His second owners surrendered him because he annoyed their other dog but shelter employees think what they actually meant was “Ralphie is a fire-breathing demon and will eat our dog,” the post states.
Shelter officials said anyone interested in Ralphie should call them at 716-731-4368 ext. 301.
If Ralphie isn’t quite your cup of tea but you’re still thinking of adopting an animal, San Antonio shelters have hundreds of cats and dogs available at any given time.
“Generally there are anywhere from 250-350 animals in the shelter at any given time,” ACS spokesperson Lisa Norwood told KSAT Tuesday. “That number fluctuates hourly.”
“Now starts the busiest time of year for shelters in the South, including San Antonio,” Norwood said. “The reason is San Antonio has relatively mild winters overall and the weather impacts breeding cycles for animals, including unsterilized pets. Pets that are kept outside or who are allowed to roam contribute greatly to the animal overpopulation issue we have in San Antonio.”
Norwood said anyone wanting to help can do so in several ways.
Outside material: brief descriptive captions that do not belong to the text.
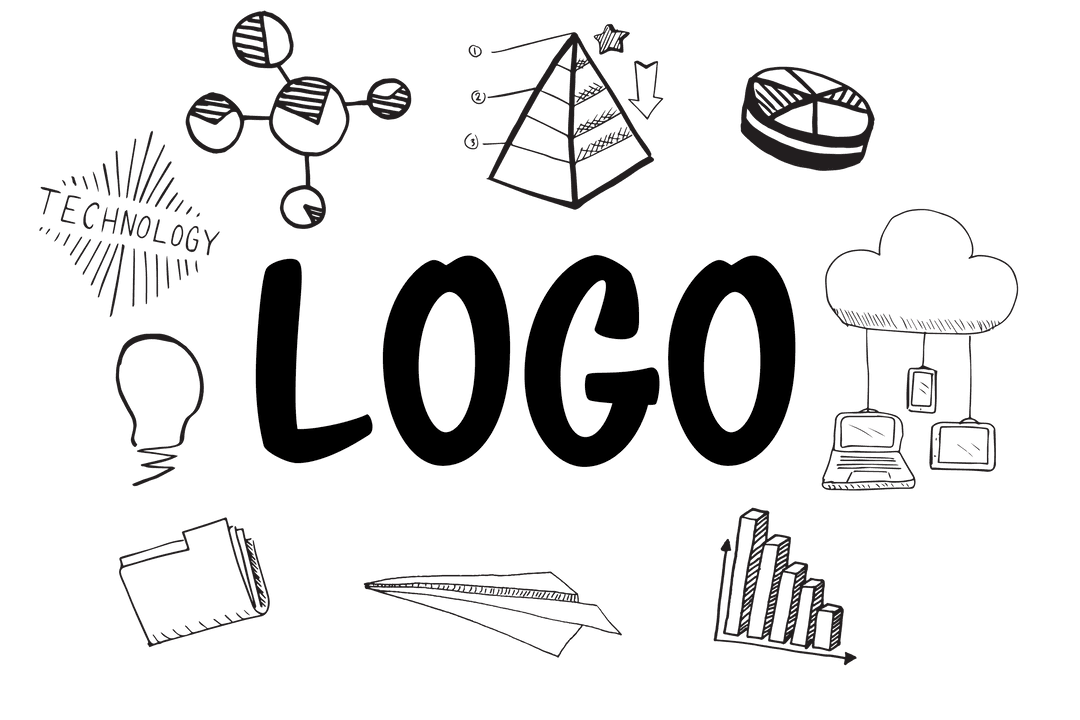 Digital Business Design Elements on Transparent Background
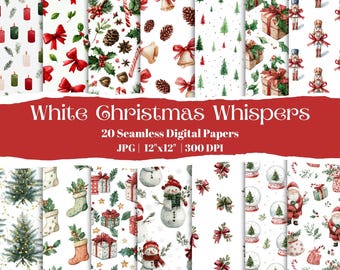 Patrones navideños sin costuras, 20 papeles digitales de acuarela, patrones navideños, diseños de álbumes de recortes y envoltorios de invierno con lazos de regalo de muñeco de nieve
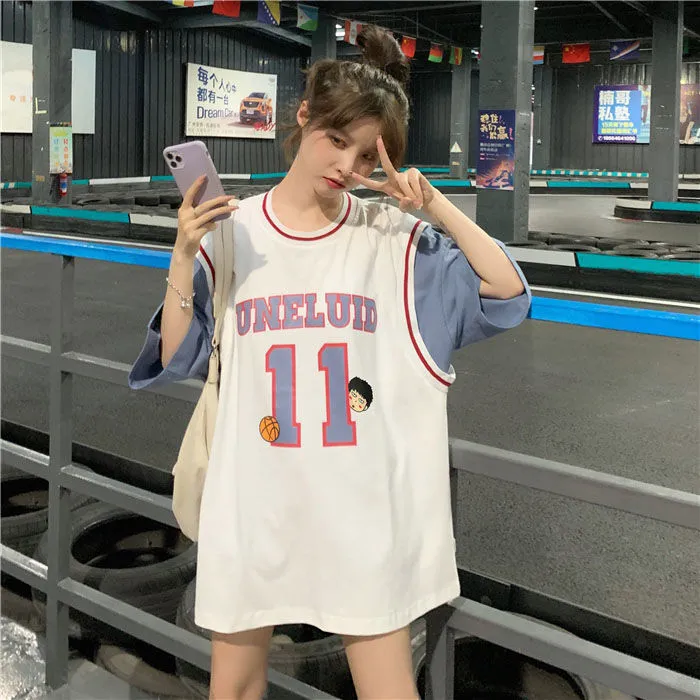 Fake%20Two%20Pieces%20Basketball%20WearTT-shirt%20Women's2022New%20Jersey%20Student%20Korean%20Style%20Loose%20Mid-Length%20Half%20Sleeveins-%20-%20Image%207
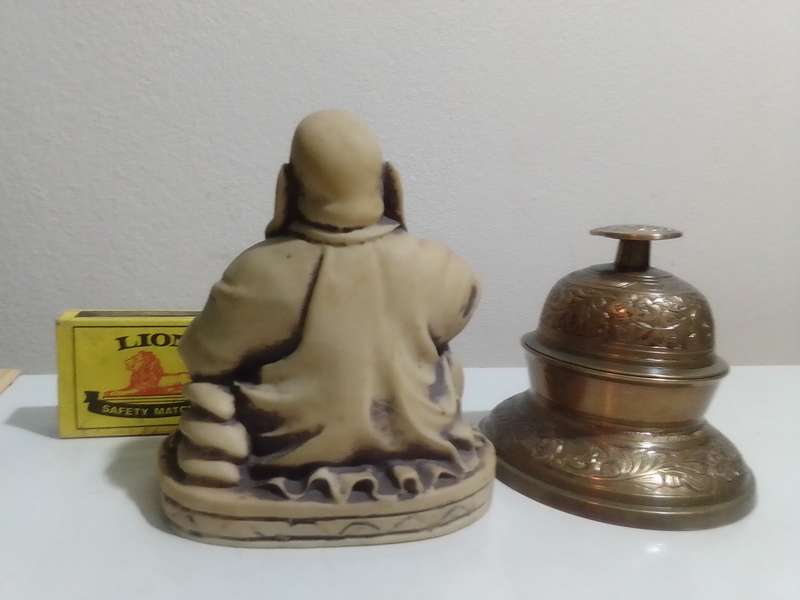Wow Vintage Chinese Hotei Laughing Buddha Statue and a Buddhist Brass Elephant Claw Bell with Stand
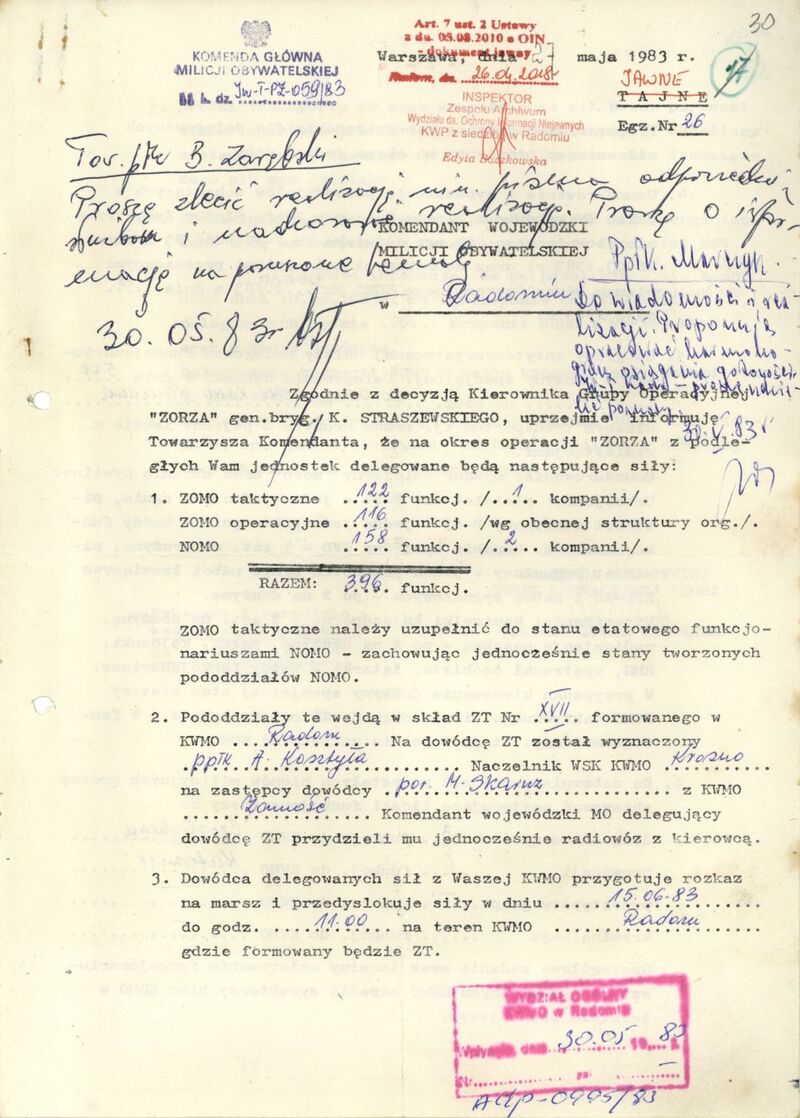 Pismo do Komendanta Wojewódzkiego MO w Radomiu z dn. 27 V 1983 r. dot. udziału sił porządkowych z KWMO w Radomiu w operacji krypt. Zorza, IPN Ra 178/28 s.30-32, cały dokument w załączonym pliku .pdf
Choosing adoption over the purchase of a new pet is one way to help.
“Just as importantly, people who don’t want another companion animal can help by temporarily taking in a pet in need. Fostering helps free up space in shelters, gives pets a leg up on getting adopted by helping them learn what it’s like to be a pet and SAACS provides all supplies, food, vet care etc. FREE,” Norwood said via email.